→ **MATERIAL SUPPLIED**:
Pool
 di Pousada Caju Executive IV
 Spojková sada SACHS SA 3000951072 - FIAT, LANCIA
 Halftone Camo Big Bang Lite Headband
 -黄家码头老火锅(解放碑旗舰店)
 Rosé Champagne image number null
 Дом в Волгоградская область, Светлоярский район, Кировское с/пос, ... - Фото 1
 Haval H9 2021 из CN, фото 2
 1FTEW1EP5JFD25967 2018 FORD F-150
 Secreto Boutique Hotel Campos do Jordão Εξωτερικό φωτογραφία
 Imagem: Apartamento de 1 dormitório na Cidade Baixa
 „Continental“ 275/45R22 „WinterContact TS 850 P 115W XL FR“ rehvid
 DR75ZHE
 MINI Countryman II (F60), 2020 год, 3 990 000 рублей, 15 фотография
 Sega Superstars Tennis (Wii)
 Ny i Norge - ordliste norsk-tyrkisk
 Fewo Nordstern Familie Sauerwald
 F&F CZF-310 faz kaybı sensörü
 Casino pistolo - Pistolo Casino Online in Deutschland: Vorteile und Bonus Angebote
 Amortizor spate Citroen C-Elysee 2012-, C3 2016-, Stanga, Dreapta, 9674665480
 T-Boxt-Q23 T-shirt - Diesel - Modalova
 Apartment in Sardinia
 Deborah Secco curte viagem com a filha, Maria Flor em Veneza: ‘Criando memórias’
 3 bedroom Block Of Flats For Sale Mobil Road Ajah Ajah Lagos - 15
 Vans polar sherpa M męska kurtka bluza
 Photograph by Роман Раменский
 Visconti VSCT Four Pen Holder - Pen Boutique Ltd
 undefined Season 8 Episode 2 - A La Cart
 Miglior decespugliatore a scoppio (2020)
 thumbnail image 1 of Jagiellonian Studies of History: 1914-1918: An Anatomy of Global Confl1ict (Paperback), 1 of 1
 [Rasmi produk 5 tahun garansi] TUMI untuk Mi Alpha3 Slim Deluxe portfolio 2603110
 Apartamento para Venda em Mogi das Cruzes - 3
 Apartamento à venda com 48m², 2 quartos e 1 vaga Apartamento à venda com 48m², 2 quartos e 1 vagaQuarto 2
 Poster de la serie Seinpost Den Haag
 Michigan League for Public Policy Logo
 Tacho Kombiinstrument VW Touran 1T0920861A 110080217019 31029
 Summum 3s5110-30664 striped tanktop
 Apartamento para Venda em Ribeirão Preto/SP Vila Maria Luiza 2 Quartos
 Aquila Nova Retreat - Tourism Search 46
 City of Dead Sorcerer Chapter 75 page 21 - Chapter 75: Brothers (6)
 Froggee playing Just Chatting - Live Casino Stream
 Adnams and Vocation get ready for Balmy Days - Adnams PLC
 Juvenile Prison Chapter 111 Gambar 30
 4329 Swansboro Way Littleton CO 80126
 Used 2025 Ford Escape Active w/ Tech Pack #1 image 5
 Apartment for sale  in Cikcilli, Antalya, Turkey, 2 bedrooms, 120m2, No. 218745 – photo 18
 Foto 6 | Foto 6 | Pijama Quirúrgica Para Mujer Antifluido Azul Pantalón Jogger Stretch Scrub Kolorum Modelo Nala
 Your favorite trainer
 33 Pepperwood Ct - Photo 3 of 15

→ **PROBLEM REQUIREMENTS**: Write out each record again, keeping every word as it is.

→ **YOUR SOLUTION**:
Pool
 di Pousada Caju Executive IV
 Spojková sada SACHS SA 3000951072 - FIAT, LANCIA
 Halftone Camo Big Bang Lite Headband
 -黄家码头老火锅(解放碑旗舰店)
 Rosé Champagne image number null
 Дом в Волгоградская область, Светлоярский район, Кировское с/пос, ... - Фото 1
 Haval H9 2021 из CN, фото 2
 1FTEW1EP5JFD25967 2018 FORD F-150
 Secreto Boutique Hotel Campos do Jordão Εξωτερικό φωτογραφία
 Imagem: Apartamento de 1 dormitório na Cidade Baixa
 „Continental“ 275/45R22 „WinterContact TS 850 P 115W XL FR“ rehvid
 DR75ZHE
 MINI Countryman II (F60), 2020 год, 3 990 000 рублей, 15 фотография
 Sega Superstars Tennis (Wii)
 Ny i Norge - ordliste norsk-tyrkisk
 Fewo Nordstern Familie Sauerwald
 F&F CZF-310 faz kaybı sensörü
 Casino pistolo - Pistolo Casino Online in Deutschland: Vorteile und Bonus Angebote
 Amortizor spate Citroen C-Elysee 2012-, C3 2016-, Stanga, Dreapta, 9674665480
 T-Boxt-Q23 T-shirt - Diesel - Modalova
 Apartment in Sardinia
 Deborah Secco curte viagem com a filha, Maria Flor em Veneza: ‘Criando memórias’
 3 bedroom Block Of Flats For Sale Mobil Road Ajah Ajah Lagos - 15
 Vans polar sherpa M męska kurtka bluza
 Photograph by Роман Раменский
 Visconti VSCT Four Pen Holder - Pen Boutique Ltd
 undefined Season 8 Episode 2 - A La Cart
 Miglior decespugliatore a scoppio (2020)
 thumbnail image 1 of Jagiellonian Studies of History: 1914-1918: An Anatomy of Global Confl1ict (Paperback), 1 of 1
 [Rasmi produk 5 tahun garansi] TUMI untuk Mi Alpha3 Slim Deluxe portfolio 2603110
 Apartamento para Venda em Mogi das Cruzes - 3
 Apartamento à venda com 48m², 2 quartos e 1 vaga Apartamento à venda com 48m², 2 quartos e 1 vagaQuarto 2
 Poster de la serie Seinpost Den Haag
 Michigan League for Public Policy Logo
 Tacho Kombiinstrument VW Touran 1T0920861A 110080217019 31029
 Summum 3s5110-30664 striped tanktop
 Apartamento para Venda em Ribeirão Preto/SP Vila Maria Luiza 2 Quartos
 Aquila Nova Retreat - Tourism Search 46
 City of Dead Sorcerer Chapter 75 page 21 - Chapter 75: Brothers (6)
 Froggee playing Just Chatting - Live Casino Stream
 Adnams and Vocation get ready for Balmy Days - Adnams PLC
 Juvenile Prison Chapter 111 Gambar 30
 4329 Swansboro Way Littleton CO 80126
 Used 2025 Ford Escape Active w/ Tech Pack #1 image 5
 Apartment for sale  in Cikcilli, Antalya, Turkey, 2 bedrooms, 120m2, No. 218745 – photo 18
 Foto 6 | Foto 6 | Pijama Quirúrgica Para Mujer Antifluido Azul Pantalón Jogger Stretch Scrub Kolorum Modelo Nala
 Your favorite trainer
 33 Pepperwood Ct - Photo 3 of 15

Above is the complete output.